What should be the allowed percentage of Missing Values?



Deleting columns containing more than a particular number of missing values is one of the techniques of dimensionality reduction.
What percent of values should be missing in the column to drop it completely??


@shuvayan - Theoretically, 25 to 30% is the maximum missing values are allowed, beyond which we might want to drop the variable from analysis. Practically this varies.At times we get variables with ~50% of missing values but still the customer insist to have it for analyzing. In those cases we might want to treat them accordingly.



As @karthe1 suggested, this varied from case to case and the amount of information you think the variable has. For example, if you are working on some dataset which contains a column for date of marriage. It may be blank for 50% (or even more) of the population, but might have very high information about the lifestyle of the person. In such cases, you would still use the variable.

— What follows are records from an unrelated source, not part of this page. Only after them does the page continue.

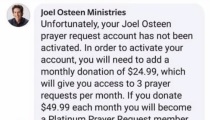 Joel Osteen account offering prayers for money is a scam, Lakewood Church warns  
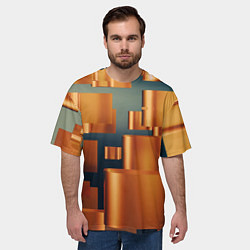 Футболка оверсайз мужская Золотые геометрические слитки, цвет: 3D-принт — фото 2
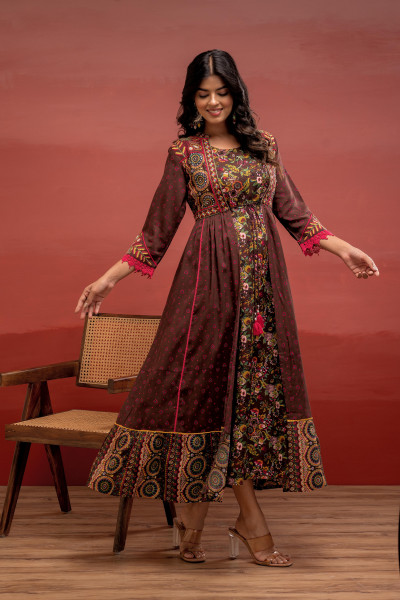 Viscose Brown Embroidered Longdress and Shrug Set with Thared, Mirror Work & Beads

If the information contained in the variable is not that high, you can drop the variable if it has more than 50% missing values. I have seen projects / models where imputation of even 20 - 30% missing values provided better results - the famous Titanic dataset on Kaggle being one such case. Age is missing in ~20% of cases, but you benefit by imputing them rather than ignoring the variable.

Hope this helps.



If columns have 85% missing value what should be done in that case ? @kunal


If the column contains 85% missing values then it should be dropped. But if it is important column then request business to provide new data set.


@siddhesh1991 it’s totally depends upon the importance of the variable.